Note: This is self-study -- not homework.

My thoughts:

I tried to exploit certain configurations of $L_1$ and $L_2$ and apply the reflection principle to show that the function vanishes on a closed curve and hence everywhere, but I wasn't successful.


OK, I think I have a working argument. Let $u$ be a real harmonic function that vanishes on two lines $L_1$ and $L_2$. Apply the necessary translation and/or rotation to make $L_1$ match $y = 0$ and the intersection point (if any) match (0, 0). This will translate/rotate the set of zeros of $u$, but it won't remove or introduce new zeros.

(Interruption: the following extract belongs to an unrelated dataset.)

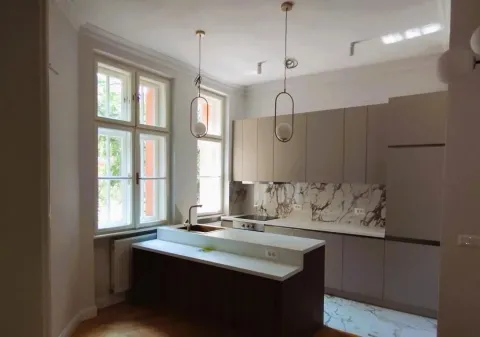 Modern kitchen with a kitchen island and windows providing natural lighting. - image 8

The resulting function will remain real and harmonic.

If $L_1$ and $L_2$ are parallel, then $L_2$ is of the form $y = a$ and, by a direct computation of the Laplacian, the following function satisfies the requirements:

$$u(x, y) = e^x \sin\left(\frac{2\pi y}{a}\right)$$

If $L_1$ and $L_2$ intersect at an angle $\theta = 2\pi\frac{p}{q}$ where $p, q \in \Bbb N, q \ne 0$, the following function satisfies the requirements:

$$u(x, y) = \prod_{k=0}^{q-1}\left(y-x \tan\left(2\pi k \frac{p}{q}\right)\right)$$

Otherwise, $L_1$ and $L_2$ intersect at an angle $\theta = 2 \pi s$ where $s \not \in \Bbb Q$. By the Schwarz reflection principle, the function also vanishes on $\overline L_2$. With repeated rotations and applications of the reflection principle, we find that a rotation of the function has zeros in the following set:

$$y = x \tan(2 \pi s n), \ n \in \Bbb N$$

But the set is dense because $s \not \in \Bbb Q$. Hence the function is identically zero.

My question: Any mistakes in my argument? Is there an easier way?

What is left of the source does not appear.